Once we launch these schedulers, data gets dumped into tables as and when data appears at Kafka topics.
For our use-case, since we had decided to divide our data into training and test dataset in topics named “finaltrainingmodeltopic” and “finalevaltabletopic”, we created 2 tables with the same name and with the same schema of data in these topics, and also created two schedulers.
Refer this for more details of setting up schedulers in Vertica -
Note: This is how the final workflow will look like.

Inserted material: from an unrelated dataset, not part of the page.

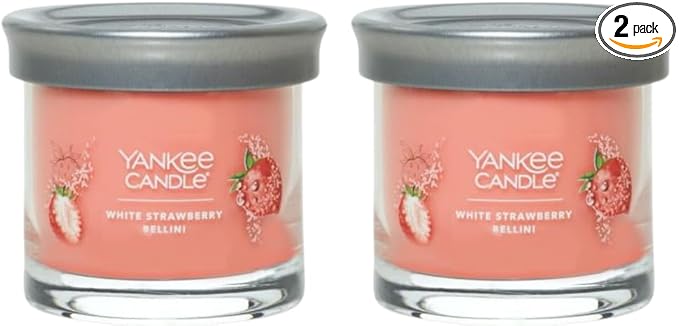 Yankee Candle Small Tumbler Scented Single Wick Jar Candle, White Strawberry Bellini, Over 20 Hours of Burn Time, 4.3 Ounce (Pack of 2)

5. Deploy custom rule jar in NAM server.
- We create a custom rule class as per stated in NAM documentation, https://www.netiq.com/documentation/access-manager-44/nacm_enu/?page=/documentation/access-manager-44/nacm_enu/data/rba-custom-rule-sdk.html
The code snippet for communicating with Vertica will look something like this -
//connect to the Vertica DB
Connection conn = DriverManager.getConnection("jdbc:vertica://ip:5433/vertica", "dbadmin", "xxxxx");
// specify the Machine Learning Model's vertica SQL query here refer
Statement statement= conn.createStatement();
// execute the query and get results
ResultSet myResult = statement.executeQuery(kmeans_Query);
- We configure a risk policy in admin console with our custom rule specifying the class name.

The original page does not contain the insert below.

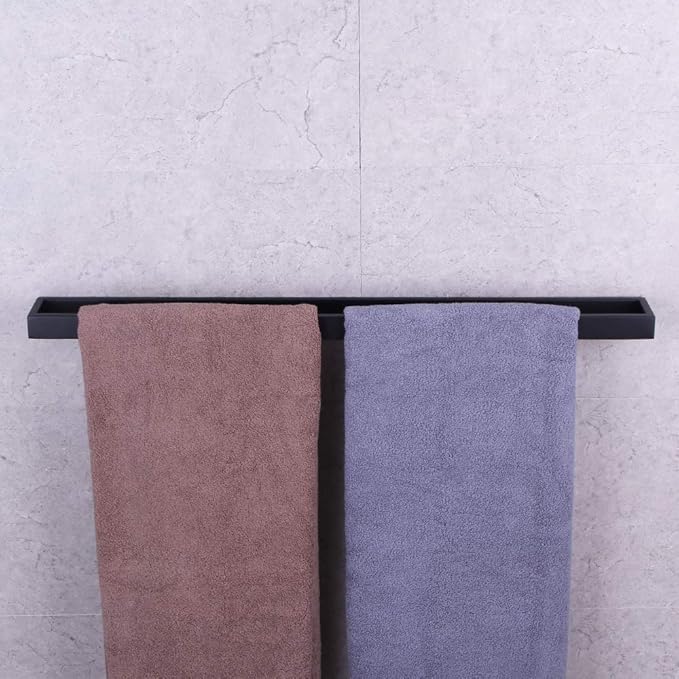 GERZWY Matte Black 30-Inch Bathroom Towel Bar SUS 304 Stainless Steel Bath Towel Bar Modern Style Wall Mount HG17702-BK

- In this custom class we create connections to Vertica database using JDBC and the drivers for the same can be found at - https://my.vertica.com/download/vertica/client-drivers/
- Based on the business logic, the ML model is created in Vertica database and the test data is run against the model in the database via usual SQL queries through JDBC connections, in this custom class only.
- There is a list of different ML algorithms that Vertica support in its database and that can be used using normal SQL queries. We are using k-Means clustering machine learning algorithm to cluster data into groups based on their similarity. K-means clustering is an unsupervised learning algorithm that clusters data into groups based on their similarity. Using k-means, you can find k clusters of data, represented by centroids. To know more about the k-Means cluster algorithm, refer to -
- The reason why we use an unsupervised algorithm like k-Means is because of the data involved. The users’ access pattern training data that we have, doesn’t have an outcome associated with it i.e. the training dataset for a user’s access pattern doesn’t have an outcome if it is an authentic or a fraud attempt.
- This custom risk rule will always evaluate to true unless 30 days’ user behavioral data is collected. Once 30 days’ data is collected, we use SQL queries at Vertica database to find and analyse good and bad clusters and based on the cluster assigned to the test data, the risk rule either evaluates to true or false. Refer to -
to find a list of different ML algorithms supported by Vertica.
This solution is a starting initiative to showcase Vertica integration with NAM. Also, the machine learning algorithm that we have used for our use-case is just for demonstration, one can use any algorithm that suits their use-cases. Moving forward, we can add multiple other parameters to the same use-case such as classification of applications based on importance. Besides, this is just one use-case that we have demonstrated, UBA can be brought to use to use-cases like detecting brute-force attacks, detecting compromised credentials or profiles, detecting insider threats, detecting breach of classified and protected data, predicting the license usage of a product, etc.